**WHAT YOU ARE ASKED TO DO:** Required from the data below: the exact lines starting at the line containing "Yaya playing „Tomi&Kesh, Jay" and ending at the line containing "Zdjęcie 11 z", with both ends kept and all pictures dropped.

**GIVEN RECORDS:**
####

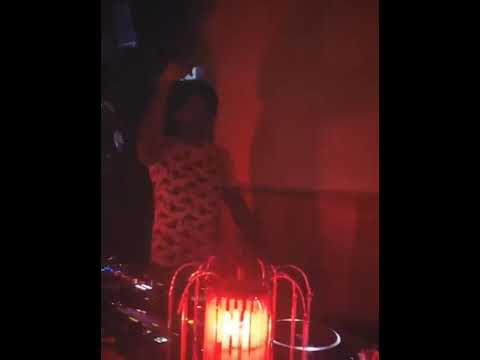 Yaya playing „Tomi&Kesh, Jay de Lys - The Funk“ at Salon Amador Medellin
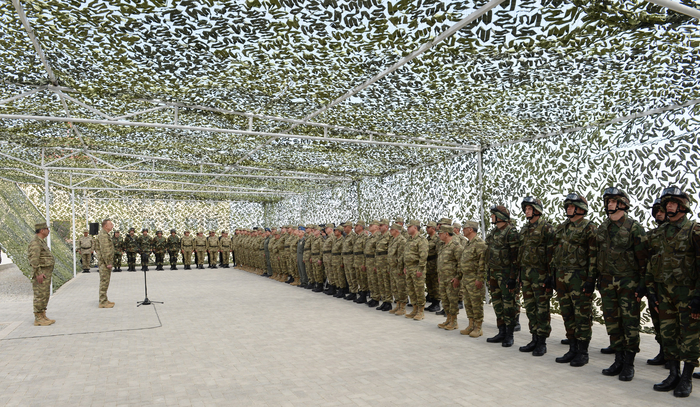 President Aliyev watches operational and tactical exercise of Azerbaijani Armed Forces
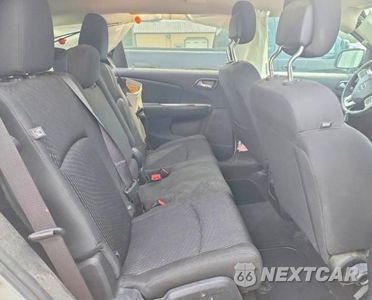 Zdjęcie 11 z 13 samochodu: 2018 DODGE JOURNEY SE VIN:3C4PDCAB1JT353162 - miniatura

####

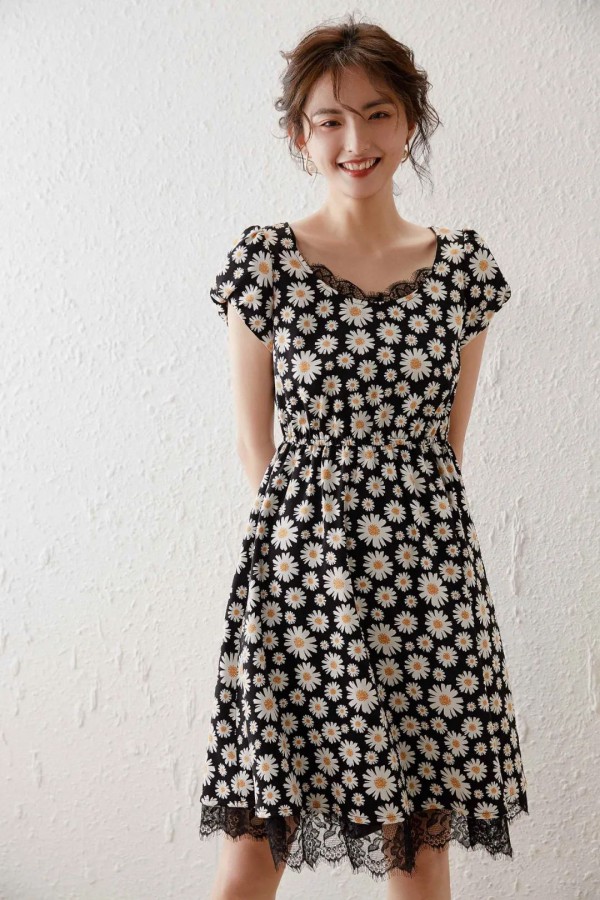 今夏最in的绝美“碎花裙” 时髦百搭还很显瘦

####

**RESPONSE:**
 Yaya playing „Tomi&Kesh, Jay de Lys - The Funk“ at Salon Amador Medellin
 President Aliyev watches operational and tactical exercise of Azerbaijani Armed Forces
 Zdjęcie 11 z 13 samochodu: 2018 DODGE JOURNEY SE VIN:3C4PDCAB1JT353162 - miniatura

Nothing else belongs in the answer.